─── The data

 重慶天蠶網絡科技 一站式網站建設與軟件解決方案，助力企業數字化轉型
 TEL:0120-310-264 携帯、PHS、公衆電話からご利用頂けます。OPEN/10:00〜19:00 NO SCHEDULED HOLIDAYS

──────
─── The data

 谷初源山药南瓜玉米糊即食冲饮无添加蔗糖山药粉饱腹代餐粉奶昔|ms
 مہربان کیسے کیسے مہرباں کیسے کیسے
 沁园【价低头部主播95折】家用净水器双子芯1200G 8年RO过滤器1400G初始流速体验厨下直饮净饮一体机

──────

> Directions for this task: From the material above, set down exactly the lines starting at the one with "مہربان کیسے کیسے مہرباں کیسے کیسے" and ending at the one with "沁园【价低头部主播95折】家", end lines included.

> Solution below:
 مہربان کیسے کیسے مہرباں کیسے کیسے
 沁园【价低头部主播95折】家用净水器双子芯1200G 8年RO过滤器1400G初始流速体验厨下直饮净饮一体机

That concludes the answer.